Giuseppe Cocco | Tradução do francês Altamir Tojal
Abril de 2023
As previsões acertadas
Donald Trump parece estar surfando em seus problemas com a justiça americana e Jair Bolsonaro acaba de voltar ao Brasil depois de passar três meses na Flórida. As duas figuras da nova extrema-direita mundial continuam com taxas de popularidade que lhes permitem confirmar a hegemonia eleitoral e política na direita e centro-direita destes dois países continentais. A maioria das interpretações do fenômeno indica, por um lado, o papel de uma corrente ideológica neotradicionalista cuja dinâmica foi descrita por Benjamin Teitelbaum; por outro lado, sublinha o papel nefasto dos algoritmos das redes sociais tanto para a disseminação de notícias falsas como para amplificar a polarização política.
Mas há duas outras formas de entender e definir o fenômeno: encontrar explicações mais profundas em análises que conseguiram prever essa virada. Certamente podemos citar a palestra de Umberto Eco sobre o fascismo eterno (ur-fascismo) proferida na Universidade de Columbia (NYC) em 25 de abril de 1995. Esta é uma reflexão que tem sido mobilizada recentemente a respeito das dimensões históricas do populismo.
No entanto, entre as previsões mais acertadas, há outra que ficou um tanto esquecida e que nos parece bastante atual. Trata-se das considerações finais de Richard Rorty sobre a virada cultural da esquerda americana em seu livro quase autobiográfico de 1998 sobre o pensamento esquerdista norte-americano (traduzido pelo professor Paulo Ghirardelli). Rorty expõe sua visão política social-democrata. Para tanto, ele reconstrói suas raízes filosóficas e políticas pragmatistas, bem como os temas da Progressive Era, sua militância anti-stalinista e francamente antimarxista.

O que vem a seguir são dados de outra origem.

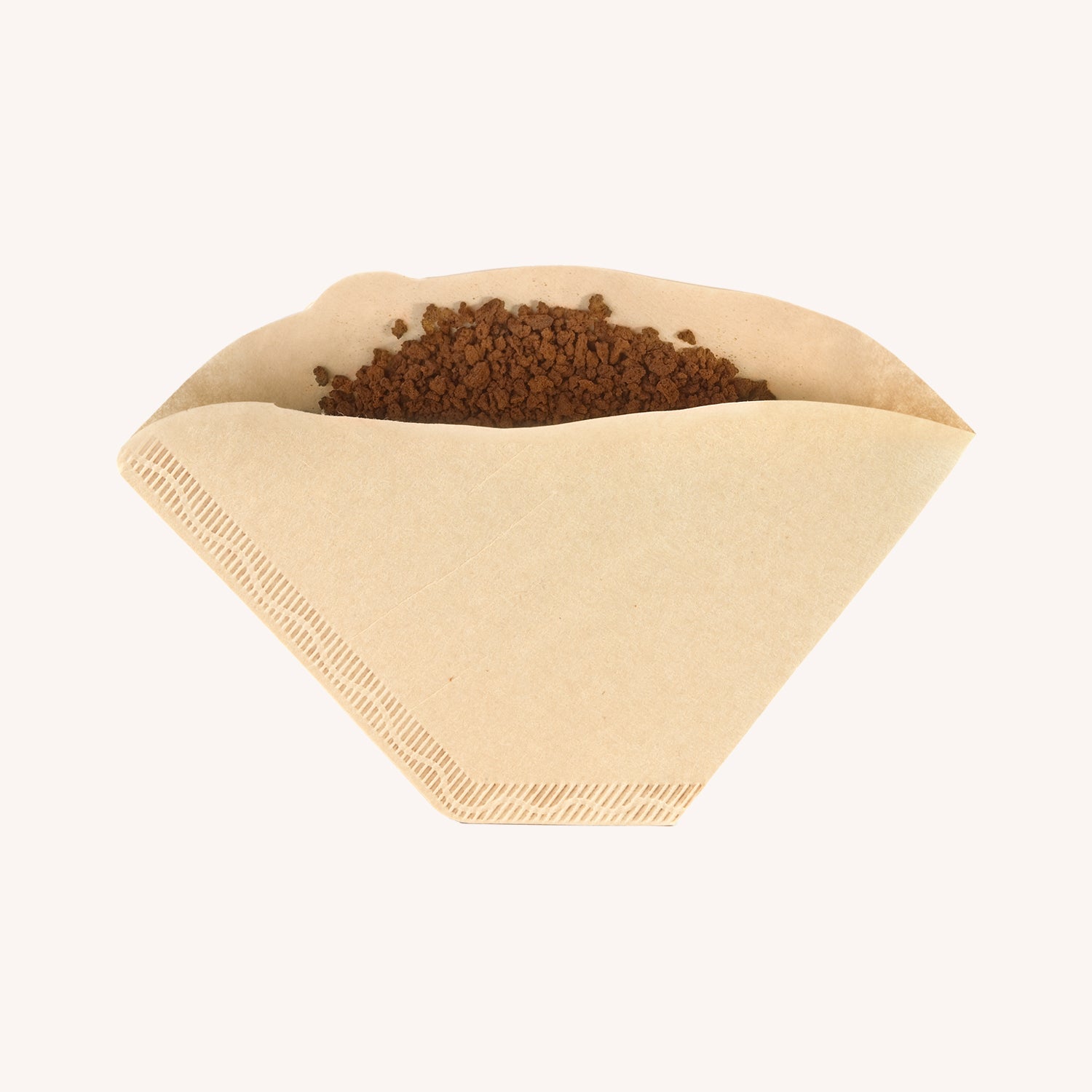 80'li Filtre Kahve Kağıdı | Kokusuz | Kimyasalsız | Doğa Dostu | Yırtılmaz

A agressão russa contra a Ucrânia dá nova relevância a essas críticas, em particular pelo fato de Rorty afirmar ter tido acesso a críticas ao stalinismo e à revolução bolchevique quando, ainda adolescente, participou de uma reunião na casa de seus pais onde um militante comunista que acabara de romper com o partido (Whitaker Chambers) expressou seu medo de ser liquidado pelos agentes de Stalin. É principalmente a um vizinho de seus pais, J. B. S. Hardman, que Rorty atribui as confirmações sobre a realidade da Rússia bolchevique. Ativista revolucionário lituano, Hardman foi “o governador revolucionário de Odessa em 1905” (emigrado nos Estados Unidos em 1908). De Hardman, Rorty ouviu falar pela primeira vez sobre o massacre na floresta de Katyn de vários milhares de oficiais poloneses pelo NKVD soviético, durante a ocupação do país pelas tropas de Stalin sob o pacto com Hitler (o acordo Molotov-Ribbentrop). O que nos inspira a olhar para o que está acontecendo hoje nessas mesmas regiões sob o golpe do expansionismo vingativo de um regime russo que mobiliza a ideologia rubro-marrom de Alexander Dungin. O que nos traz de volta à mistura nacional-socialista da vida e do destino descrita por Vasily Grossman.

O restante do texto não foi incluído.